What is being asked >>
Write out the line with "Woodland Opossum Baby Kussen (Voorkant)" and every later line through the end of the data below, exactly as given, with no pictures in the copy.

Data block >>
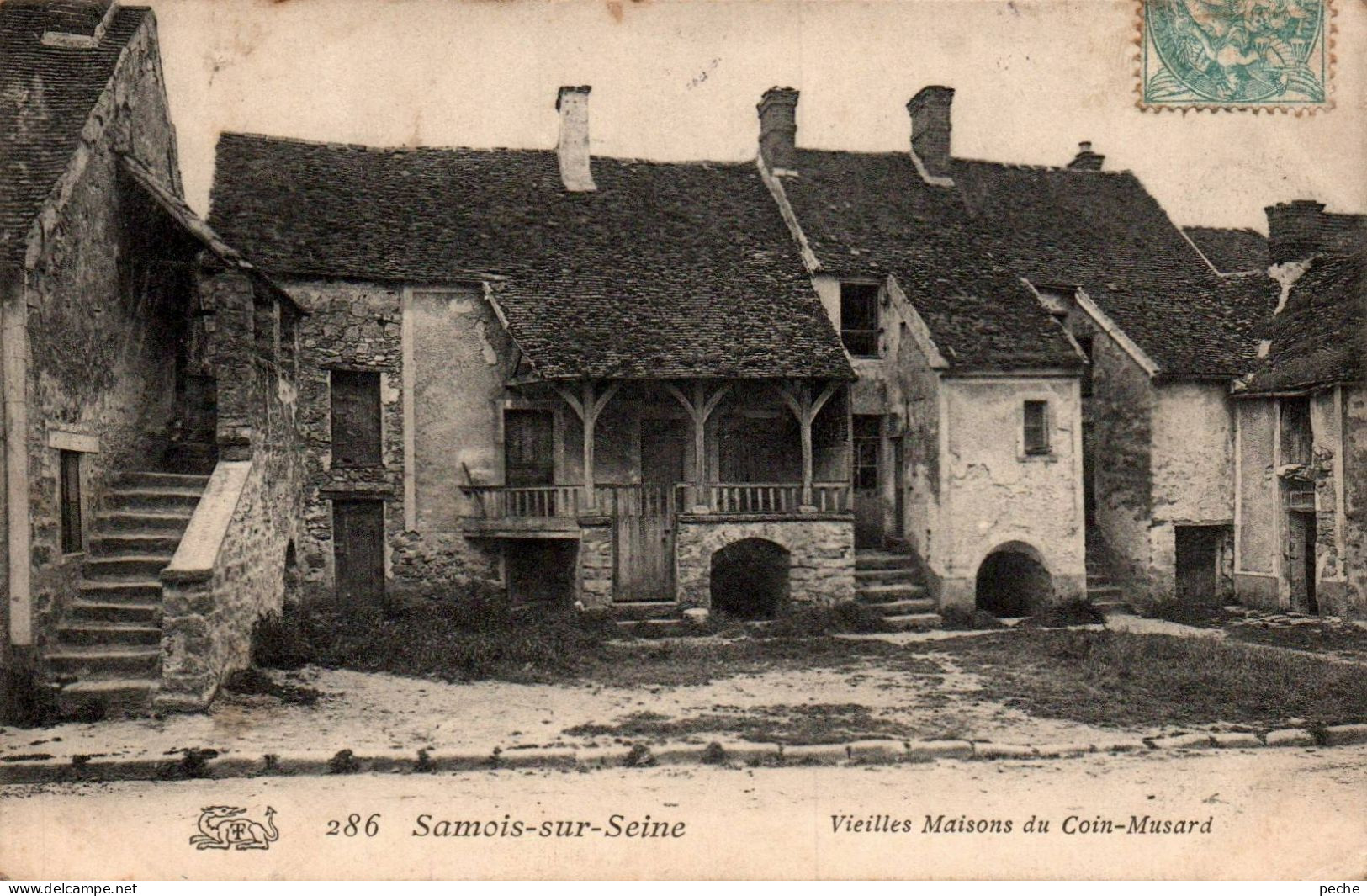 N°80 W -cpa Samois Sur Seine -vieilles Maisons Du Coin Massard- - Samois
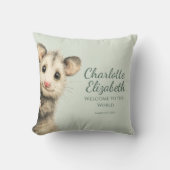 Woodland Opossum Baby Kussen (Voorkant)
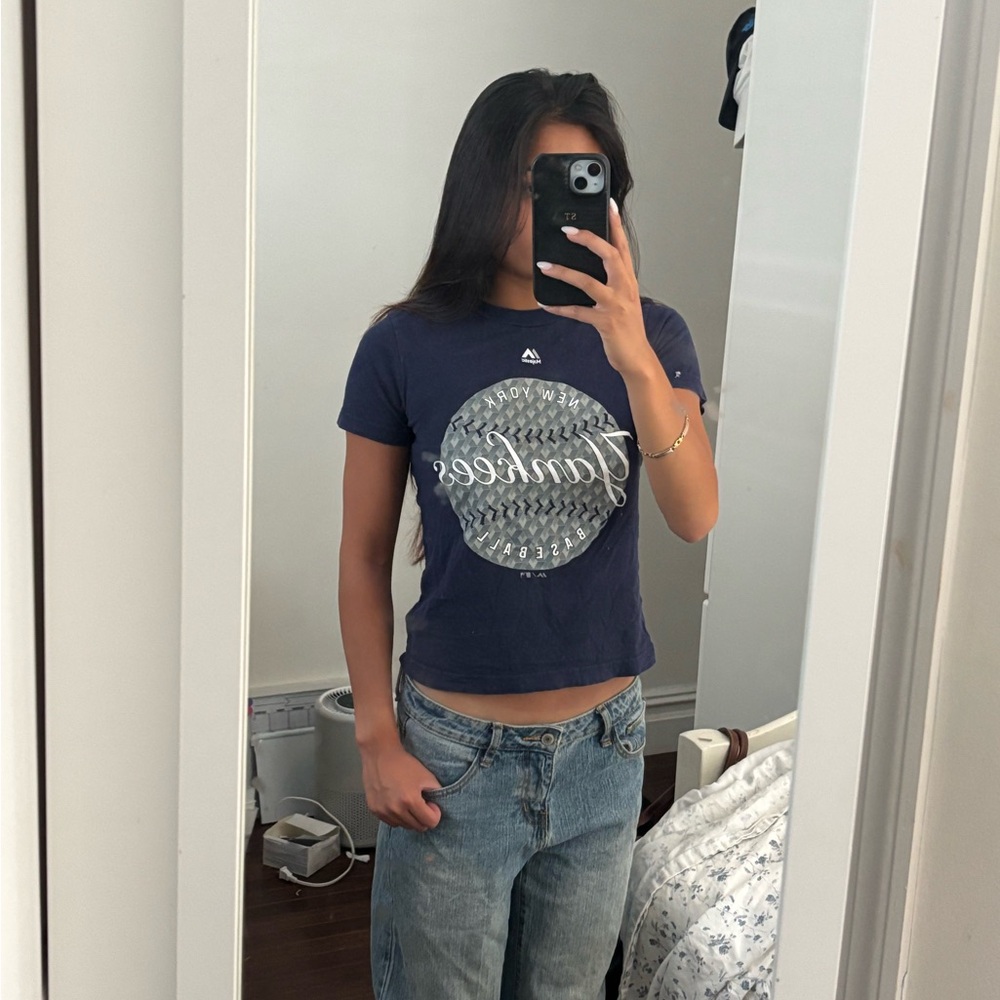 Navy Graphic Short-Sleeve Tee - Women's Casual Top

Output >>
 Woodland Opossum Baby Kussen (Voorkant)
 Navy Graphic Short-Sleeve Tee - Women's Casual Top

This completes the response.